- Required action:
Transcribe the data exactly.

- Given data:

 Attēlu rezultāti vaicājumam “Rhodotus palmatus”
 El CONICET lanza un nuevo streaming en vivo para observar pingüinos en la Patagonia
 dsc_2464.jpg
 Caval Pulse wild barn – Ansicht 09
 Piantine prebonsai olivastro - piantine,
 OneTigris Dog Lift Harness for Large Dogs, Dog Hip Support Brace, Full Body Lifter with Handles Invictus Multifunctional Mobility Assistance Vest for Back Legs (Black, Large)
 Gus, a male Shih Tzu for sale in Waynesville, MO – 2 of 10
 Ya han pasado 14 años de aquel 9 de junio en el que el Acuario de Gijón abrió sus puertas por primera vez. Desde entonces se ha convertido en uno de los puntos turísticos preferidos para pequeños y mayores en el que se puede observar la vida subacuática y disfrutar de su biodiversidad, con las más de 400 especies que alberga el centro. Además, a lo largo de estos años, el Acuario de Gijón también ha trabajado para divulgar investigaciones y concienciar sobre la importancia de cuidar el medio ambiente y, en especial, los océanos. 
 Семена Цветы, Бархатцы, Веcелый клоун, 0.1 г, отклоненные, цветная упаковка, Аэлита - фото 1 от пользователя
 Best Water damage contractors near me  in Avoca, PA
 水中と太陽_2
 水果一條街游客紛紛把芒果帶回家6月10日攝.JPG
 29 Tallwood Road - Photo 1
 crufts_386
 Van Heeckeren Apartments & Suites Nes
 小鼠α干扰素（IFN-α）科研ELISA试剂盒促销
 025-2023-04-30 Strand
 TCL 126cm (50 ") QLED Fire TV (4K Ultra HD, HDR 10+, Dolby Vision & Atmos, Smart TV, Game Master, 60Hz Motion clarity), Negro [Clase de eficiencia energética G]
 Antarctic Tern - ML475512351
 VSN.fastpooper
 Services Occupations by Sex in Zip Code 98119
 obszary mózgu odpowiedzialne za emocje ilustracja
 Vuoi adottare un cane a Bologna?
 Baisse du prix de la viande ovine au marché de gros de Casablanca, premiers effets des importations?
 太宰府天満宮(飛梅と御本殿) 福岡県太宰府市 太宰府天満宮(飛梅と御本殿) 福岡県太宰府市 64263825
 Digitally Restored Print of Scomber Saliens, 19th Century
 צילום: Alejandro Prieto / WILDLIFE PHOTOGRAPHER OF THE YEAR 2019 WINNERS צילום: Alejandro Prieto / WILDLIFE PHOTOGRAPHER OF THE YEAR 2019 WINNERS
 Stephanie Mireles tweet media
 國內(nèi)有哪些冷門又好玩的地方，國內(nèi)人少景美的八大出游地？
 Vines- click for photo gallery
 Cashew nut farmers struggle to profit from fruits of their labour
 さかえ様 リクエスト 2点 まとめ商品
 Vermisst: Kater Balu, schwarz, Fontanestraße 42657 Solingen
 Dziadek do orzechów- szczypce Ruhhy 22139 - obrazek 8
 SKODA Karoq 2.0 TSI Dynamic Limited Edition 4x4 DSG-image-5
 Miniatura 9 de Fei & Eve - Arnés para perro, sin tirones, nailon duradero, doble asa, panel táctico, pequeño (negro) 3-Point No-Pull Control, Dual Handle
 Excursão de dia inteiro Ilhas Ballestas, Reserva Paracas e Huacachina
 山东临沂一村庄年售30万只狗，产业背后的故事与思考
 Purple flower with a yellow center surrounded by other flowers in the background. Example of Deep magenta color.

- Reply to the task:
 Attēlu rezultāti vaicājumam “Rhodotus palmatus”
 El CONICET lanza un nuevo streaming en vivo para observar pingüinos en la Patagonia
 dsc_2464.jpg
 Caval Pulse wild barn – Ansicht 09
 Piantine prebonsai olivastro - piantine,
 OneTigris Dog Lift Harness for Large Dogs, Dog Hip Support Brace, Full Body Lifter with Handles Invictus Multifunctional Mobility Assistance Vest for Back Legs (Black, Large)
 Gus, a male Shih Tzu for sale in Waynesville, MO – 2 of 10
 Ya han pasado 14 años de aquel 9 de junio en el que el Acuario de Gijón abrió sus puertas por primera vez. Desde entonces se ha convertido en uno de los puntos turísticos preferidos para pequeños y mayores en el que se puede observar la vida subacuática y disfrutar de su biodiversidad, con las más de 400 especies que alberga el centro. Además, a lo largo de estos años, el Acuario de Gijón también ha trabajado para divulgar investigaciones y concienciar sobre la importancia de cuidar el medio ambiente y, en especial, los océanos. 
 Семена Цветы, Бархатцы, Веcелый клоун, 0.1 г, отклоненные, цветная упаковка, Аэлита - фото 1 от пользователя
 Best Water damage contractors near me  in Avoca, PA
 水中と太陽_2
 水果一條街游客紛紛把芒果帶回家6月10日攝.JPG
 29 Tallwood Road - Photo 1
 crufts_386
 Van Heeckeren Apartments & Suites Nes
 小鼠α干扰素（IFN-α）科研ELISA试剂盒促销
 025-2023-04-30 Strand
 TCL 126cm (50 ") QLED Fire TV (4K Ultra HD, HDR 10+, Dolby Vision & Atmos, Smart TV, Game Master, 60Hz Motion clarity), Negro [Clase de eficiencia energética G]
 Antarctic Tern - ML475512351
 VSN.fastpooper
 Services Occupations by Sex in Zip Code 98119
 obszary mózgu odpowiedzialne za emocje ilustracja
 Vuoi adottare un cane a Bologna?
 Baisse du prix de la viande ovine au marché de gros de Casablanca, premiers effets des importations?
 太宰府天満宮(飛梅と御本殿) 福岡県太宰府市 太宰府天満宮(飛梅と御本殿) 福岡県太宰府市 64263825
 Digitally Restored Print of Scomber Saliens, 19th Century
 צילום: Alejandro Prieto / WILDLIFE PHOTOGRAPHER OF THE YEAR 2019 WINNERS צילום: Alejandro Prieto / WILDLIFE PHOTOGRAPHER OF THE YEAR 2019 WINNERS
 Stephanie Mireles tweet media
 國內(nèi)有哪些冷門又好玩的地方，國內(nèi)人少景美的八大出游地？
 Vines- click for photo gallery
 Cashew nut farmers struggle to profit from fruits of their labour
 さかえ様 リクエスト 2点 まとめ商品
 Vermisst: Kater Balu, schwarz, Fontanestraße 42657 Solingen
 Dziadek do orzechów- szczypce Ruhhy 22139 - obrazek 8
 SKODA Karoq 2.0 TSI Dynamic Limited Edition 4x4 DSG-image-5
 Miniatura 9 de Fei & Eve - Arnés para perro, sin tirones, nailon duradero, doble asa, panel táctico, pequeño (negro) 3-Point No-Pull Control, Dual Handle
 Excursão de dia inteiro Ilhas Ballestas, Reserva Paracas e Huacachina
 山东临沂一村庄年售30万只狗，产业背后的故事与思考
 Purple flower with a yellow center surrounded by other flowers in the background. Example of Deep magenta color.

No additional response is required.